Comment 15 for bug 1821912

Revision history for this message
Slawek Kaplonski (slaweq) wrote :

I focused on analysis of issue with Authentication Failures.
First I tried to reproduce this issue locally to check if slow answer from nova-metadata-api can really cause this problem. So I added simple time.sleep(15) in https://github.com/openstack/nova/blob/e5b819fb75320f192f79e92384bac8be043e9600/nova/api/metadata/handler.py#L94 and I got exactly same error coming from "ec2metadata" script which is in cirrus image.
So it looks that really some kind of slowdown in nova-metadata-api can cause this problem.
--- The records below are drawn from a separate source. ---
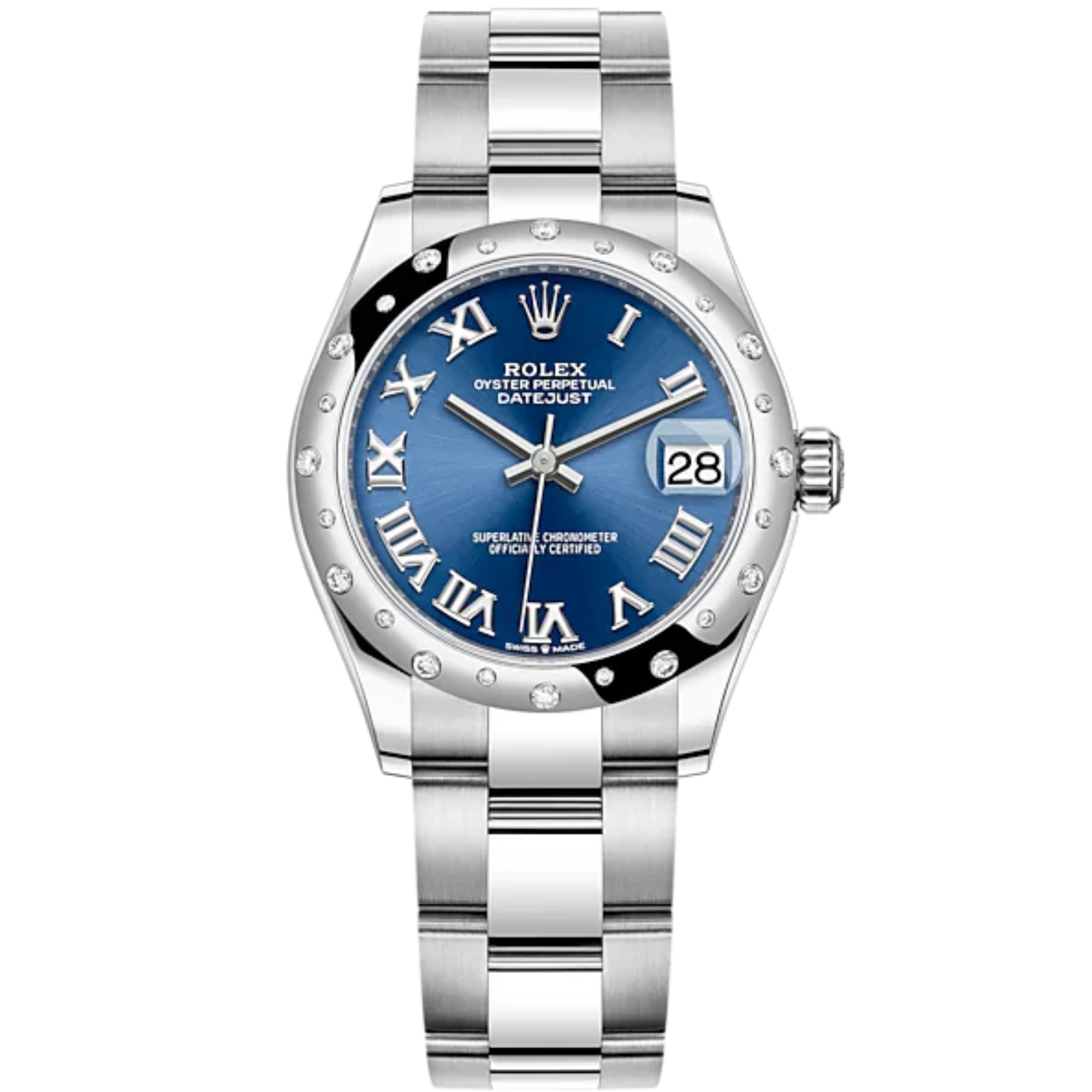 Datejust 31 31mm Oyster Bracelet Oystersteel and White Gold with Bright Blue Dial Diamond-Set Bezel - Rolex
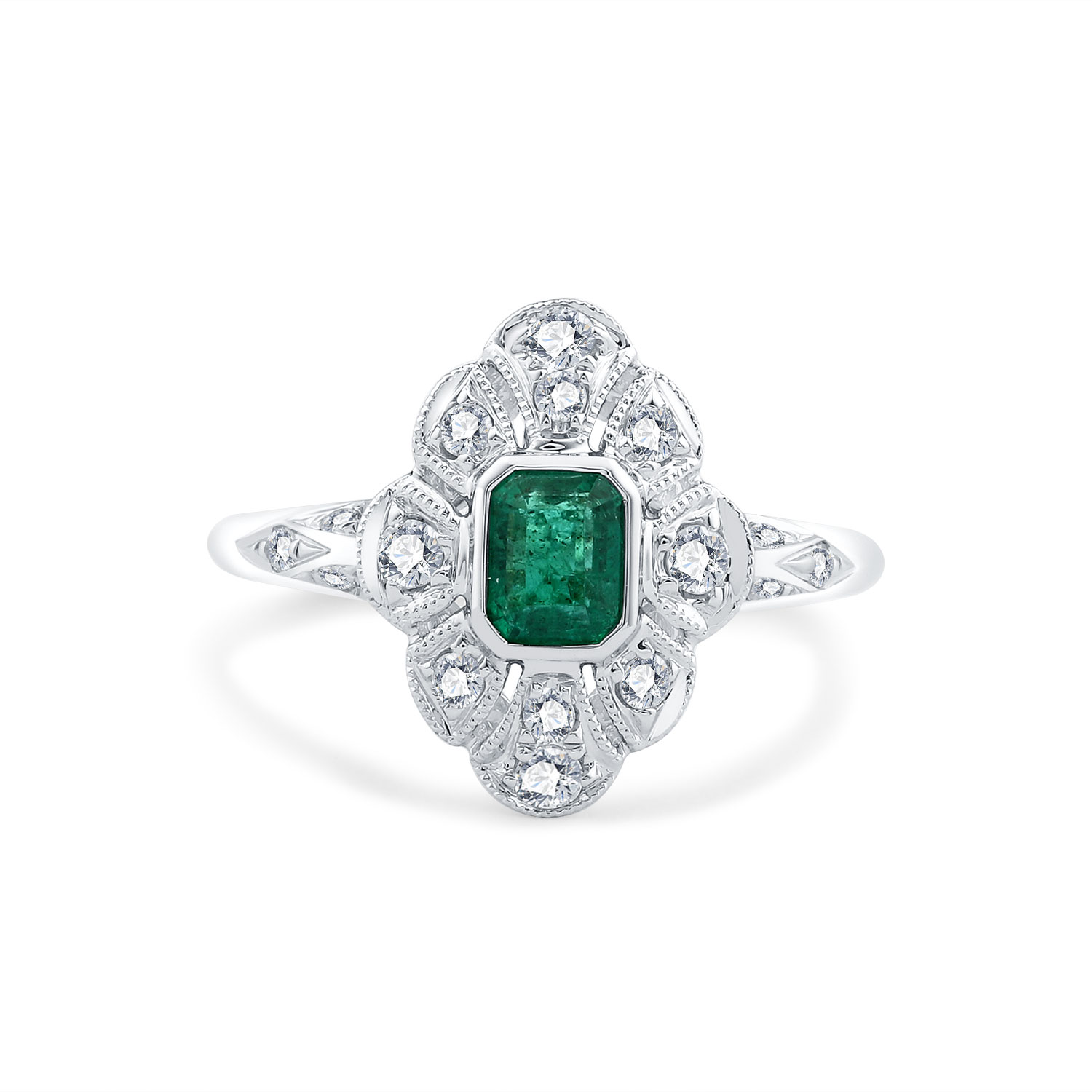 18K WHITE GOLD REAL DIAMOND EMERALD RING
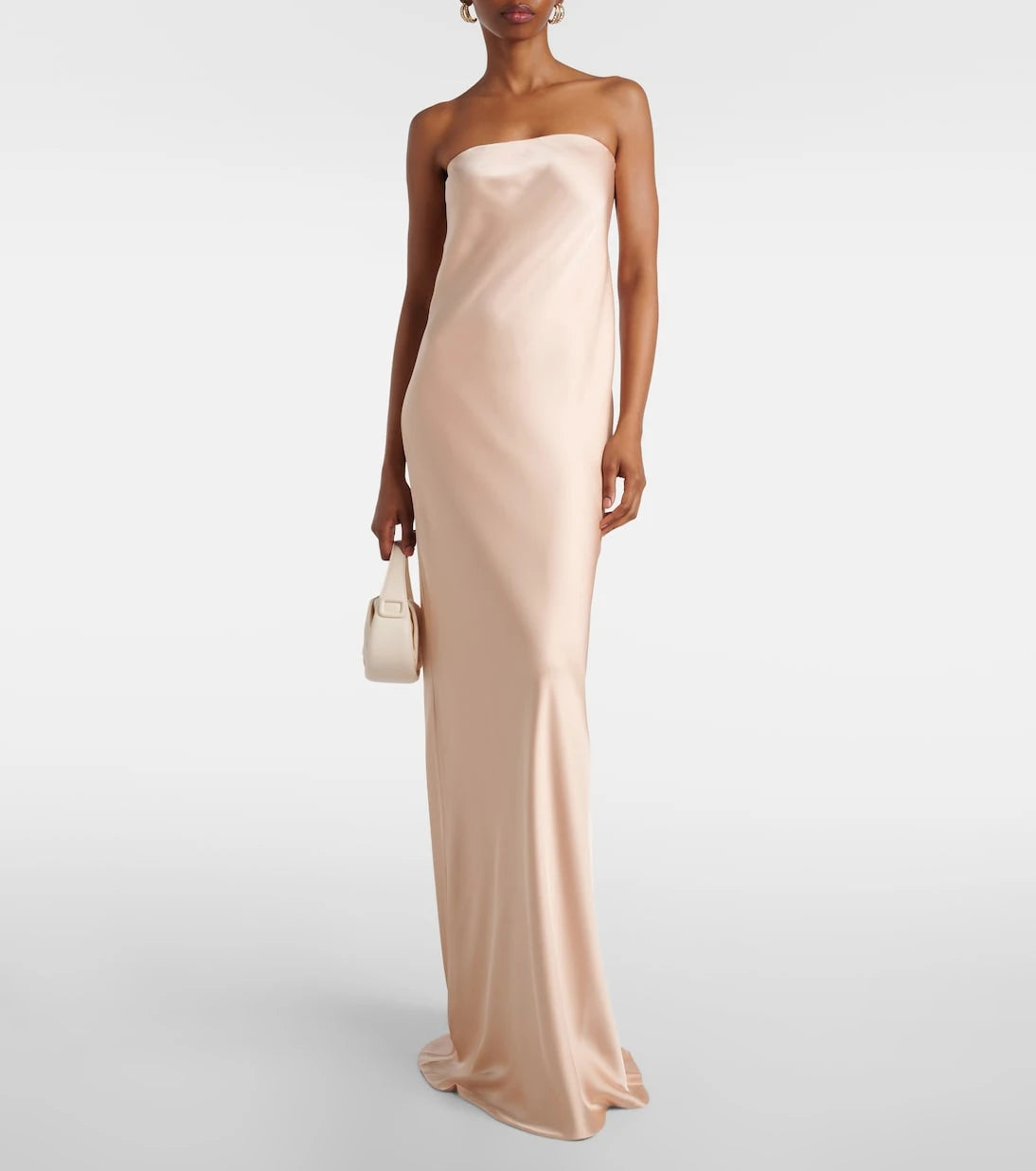 Norma Kamali - Strapless crêpe satin maxi dress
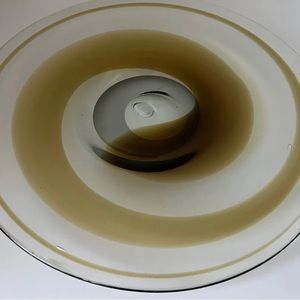 Yellow and Clear Hand Blown Crystal Plate  - 11 “ Diameter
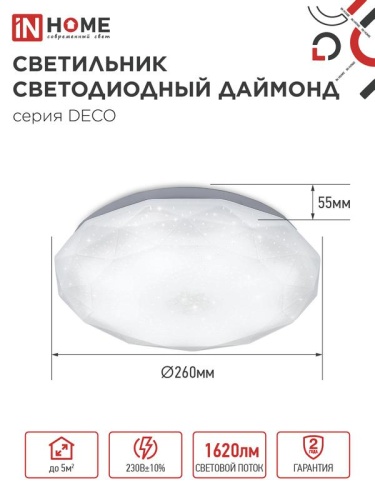 Светильник светодиодный DECO ДАЙМОНД 18Вт 6500К 1620лм 230В 260х55мм IN HOME 4690612033655 фото 2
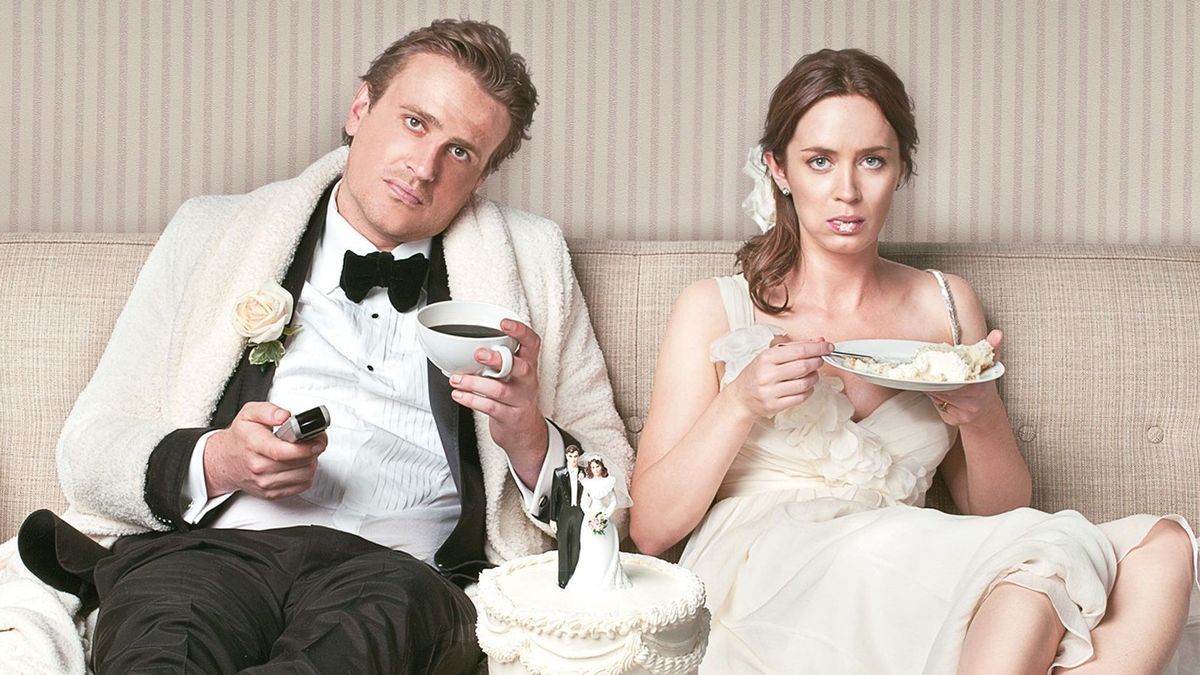 Filmposter für den Film "Fast verheiratet" (2012) mit Jason Segel und Emily Blunt.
Next step was to check other similar failures. I found them with query like http://logstash.openstack.org/#dashboard/file/logstash.json?query=message%3A%5C%22failed%20to%20get%20http%3A%2F%2F169.254.169.254%2F2009-04-04%2Fmeta-data%2Fpublic-keys%5C%22

I checked logs from http://logs.openstack.org/66/656666/1/check/tempest-multinode-full/4d77549/job-output.txt and I saw that there was also about 12 seconds of "nothing" in nova-metadata-logs here: http://logs.openstack.org/66/656666/1/check/tempest-multinode-full/4d77549/controller/logs/screen-n-api-meta.txt.gz#_May_01_19_37_47_835271 (it matched time when broken instance was trying to get public-keys from metadata).
I also found that in almost same time there was also gap in logs of nova-api logs: http://logs.openstack.org/66/656666/1/check/tempest-multinode-full/4d77549/controller/logs/screen-n-api.txt.gz#_May_01_19_37_44_331631 and after that some errors with rabbitmq connection. Maybe those are related.

In the other case which I checked, it wasn't any rabbitmq error in nova logs but request for public-keys took more than 17s in neutron-metadata-logs: http://logs.openstack.org/91/655791/4/check/neutron-tempest-linuxbridge/1ce0a65/logs/screen-q-meta.txt.gz#_May_02_21_35_14_860194

So, conclusion is that those errors comes for sure from slowdown in metadata service, either on neutron or nova's side. But for now I still don't know what the reason (or reasons) of slowdown are.